-- Task material follows --
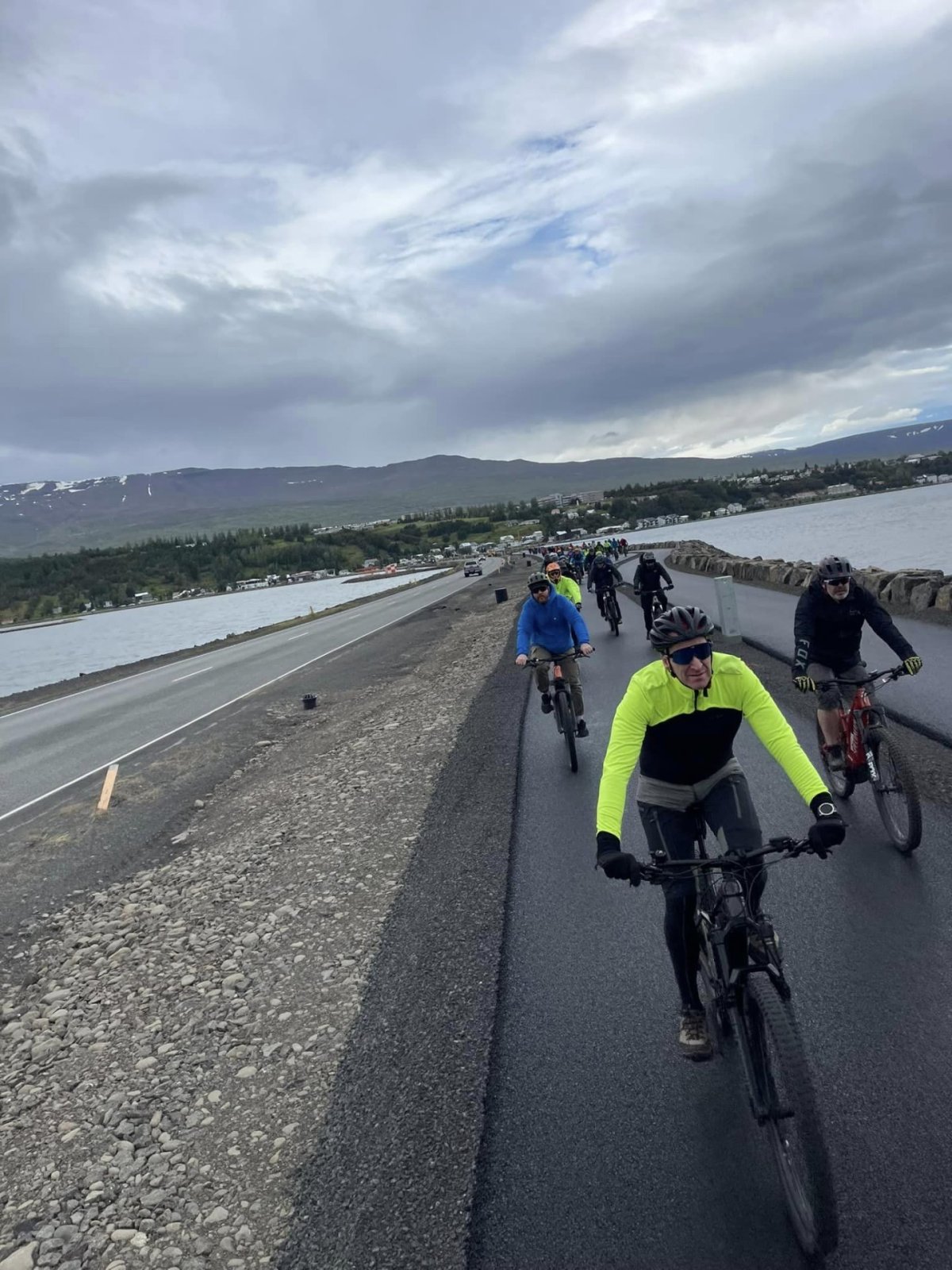 Nýr göngu-og hjólastígur við Leiruveginn á vafalaust eftir að njóta vinsælda. Hér eru félagar í Rafh…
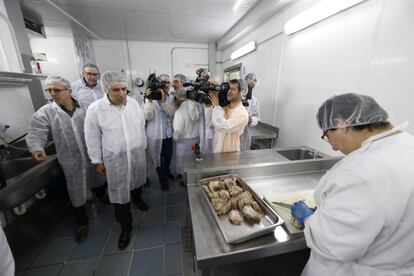 El candidato de CDC, Francesc Homs (2i), en un acto de campaña realizado en el centro especial de trabajo Cuina Justa (Cocina Justa) de la Fundación Cassià Just de Sant Boi del Llobregat, Barcelona.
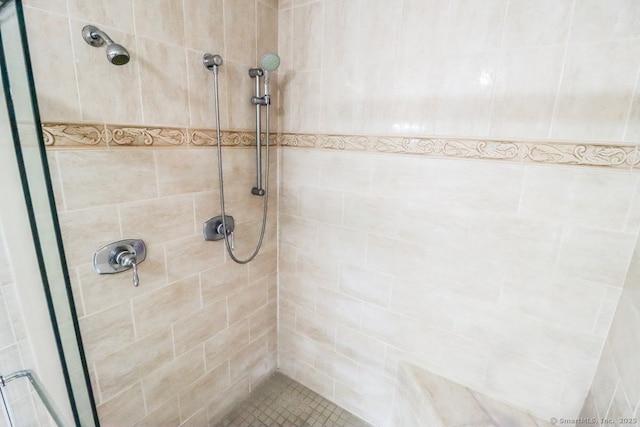 9 Rosick Rd, Wallingford, CT 06492 - full bathroom featuring a tile shower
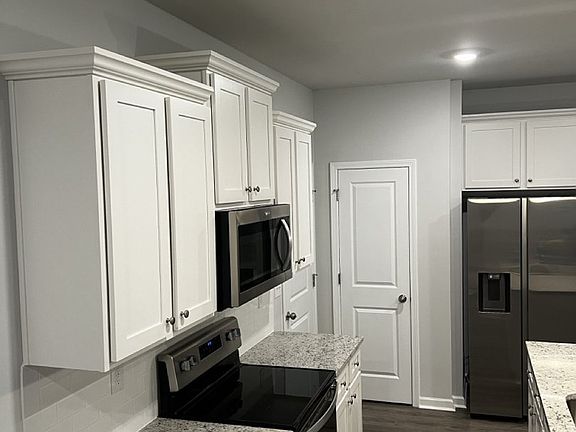 SIDE VIEW OF THE KITCHEN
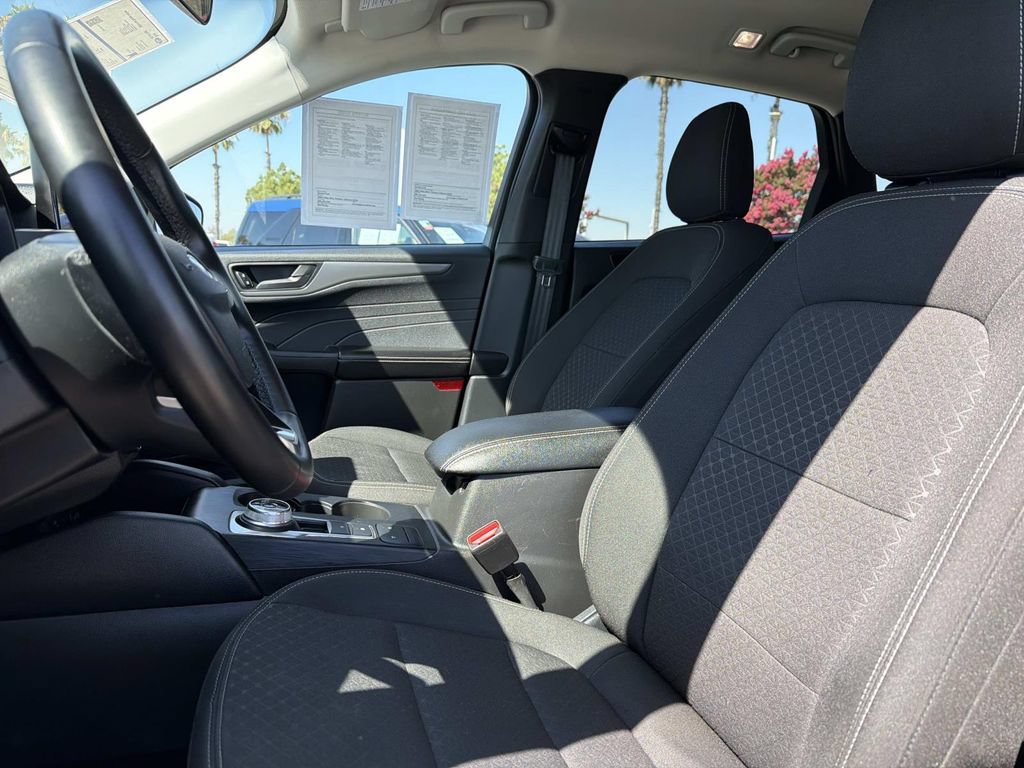 Certified 2024 Ford Escape Active FWD image 21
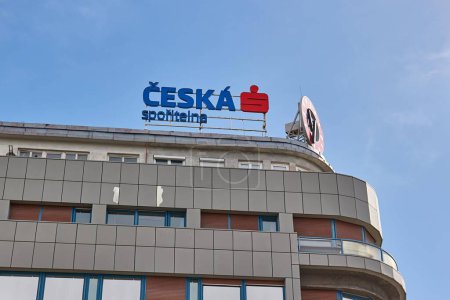 Téléchargez les photos : Prague, Tchéquie - 31 mars 2024 : Signe de la banque Ceska Sopritelna sur le toit d'un bâtiment, la plus grande banque de la République tchèque - en image libre de droit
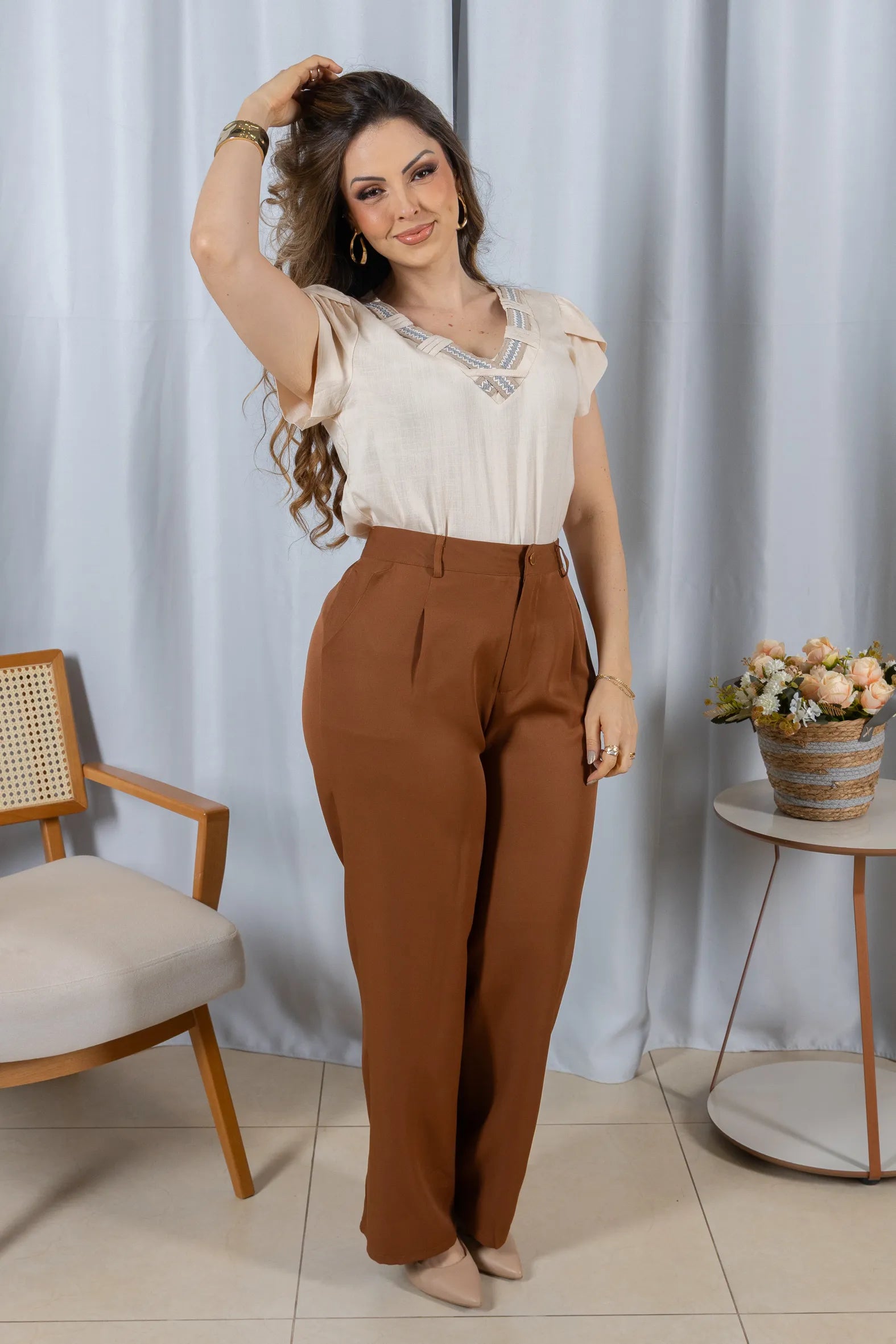 Blusa Manga Curta Transpassada Decote V em Visco Linen com Gola Detalhada Iris Creme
-- Task material concluded --
**Work instruction:**
Strip the images and return the remaining data exactly.

**Written solution:**
 Nýr göngu-og hjólastígur við Leiruveginn á vafalaust eftir að njóta vinsælda. Hér eru félagar í Rafh…
 El candidato de CDC, Francesc Homs (2i), en un acto de campaña realizado en el centro especial de trabajo Cuina Justa (Cocina Justa) de la Fundación Cassià Just de Sant Boi del Llobregat, Barcelona.
 9 Rosick Rd, Wallingford, CT 06492 - full bathroom featuring a tile shower
 SIDE VIEW OF THE KITCHEN
 Certified 2024 Ford Escape Active FWD image 21
 Téléchargez les photos : Prague, Tchéquie - 31 mars 2024 : Signe de la banque Ceska Sopritelna sur le toit d'un bâtiment, la plus grande banque de la République tchèque - en image libre de droit
 Blusa Manga Curta Transpassada Decote V em Visco Linen com Gola Detalhada Iris Creme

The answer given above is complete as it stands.